Из «Уроков Армении»:
«Простор — категория национальная. Необходимое условие осуществления нации. Когда я смотрю на карту, на нашу алую простыню, я ощущаю пространство, огромное, но ещё не ощущаю простора. И если где-то в углу зажато пятнышко: болотцем — Эстония, корытцем — Армения, то какой же можно заподозрить там простор?.. И какое же удивление овладевает тобой, когда едешь по крошечной, с нашей точки зрения, стране и час, и другой, а ей всё конца и краю нет. Оказывается, есть горизонт, кругозор, и он ставит всему предел. Он и есть мир бесконечный. Есть то, что человек может охватить одним взглядом и вздохнуть глубоко, — это простор и родина. А то, что за его пределами, — не очень-то и существует.

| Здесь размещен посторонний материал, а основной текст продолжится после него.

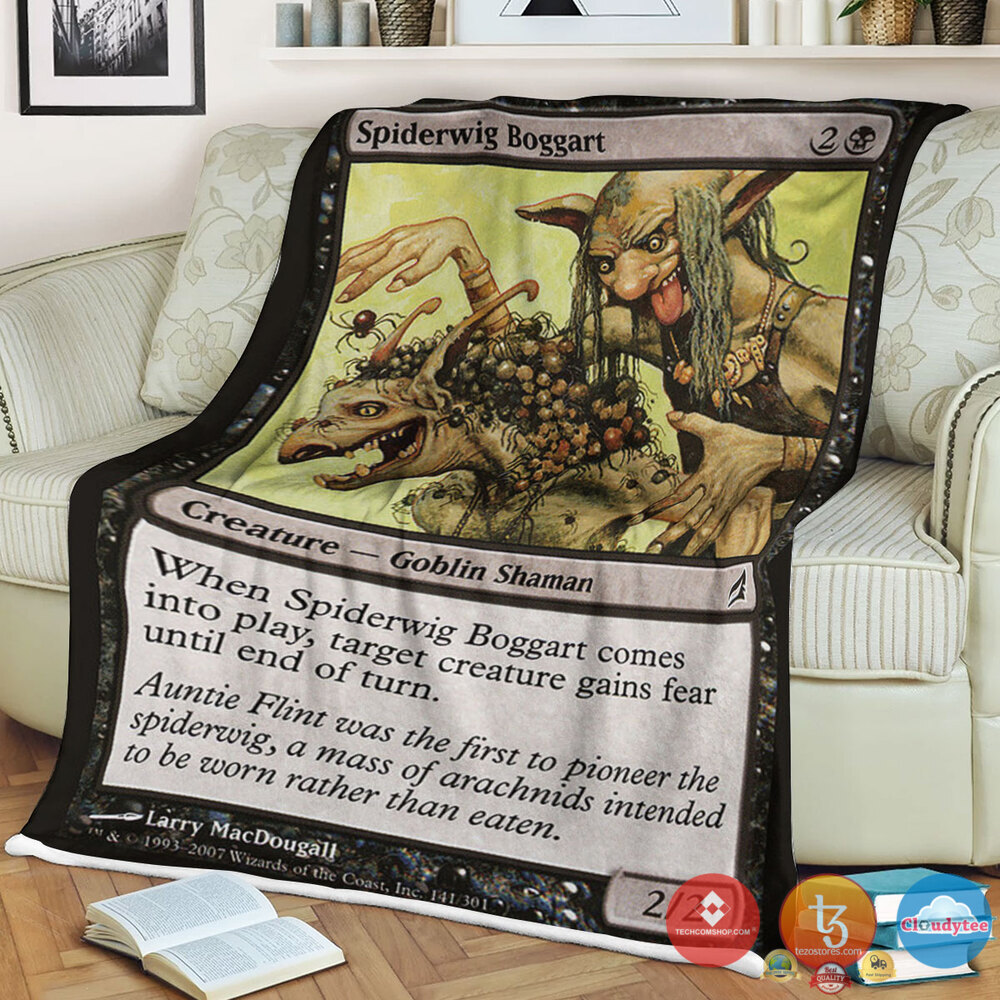 Lorwyn 141 Spiderwig Boggart Blanket Lorwyn 141 Spiderwig Boggart Blanket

Два полярных впечатления владеют мной.
В России что-нибудь да заслонит взор. Ёлка, забор, столб — во что-нибудь да упрётся взгляд. Даже в какой-то мере справедливым или защитным кажется: тяжко сознавать такое немыслимое пространство, если иметь к тому же бескрайние просторы <…>
И другое — арка Чаренца в Армении.
Отрог подступил к дороге, подвинул её плечом вправо, дорога подалась в сторону, легко уступая, но тут и справа появилось кряжистое плечо и подтолкнуло дорогу влево, дорога стиснулась, сжалась, застряла, увязла в отрогах — горизонт исчез <…> мы круто свернули с шоссе и со скрежетом въехали на горку. Арка на вершине приближалась и наконец заслонила собой всё <…> я прошел под арку и охнул. Боже, какой отворился простор! Он вспыхнул. Что-то поднялось во мне и не опустилось. Что-то выпорхнуло из меня и не вернулось.
Это был первый чертеж Творения. Линий было немного — линия, линия, ещё линия. Штрихов уже не было. Линия проводилась уверенно и навсегда. Исправлений быть не могло <…> Всё остальное, кажется мне, Бог творил то ли усталой, то ли изощрённой, то ли пресыщенной рукой. Кудрявая природа России — Господне барокко <…> Правда <…> диктуется только правдой. И правда этой книги в том, что, дописав её до середины, я обнаруживаю, что уже не в Армении и не в России, а в этой вот своей книге я путешествую. Пусть это даже некая фантастическая страна, домысленная мною из нескольких впечатлений по сравнению».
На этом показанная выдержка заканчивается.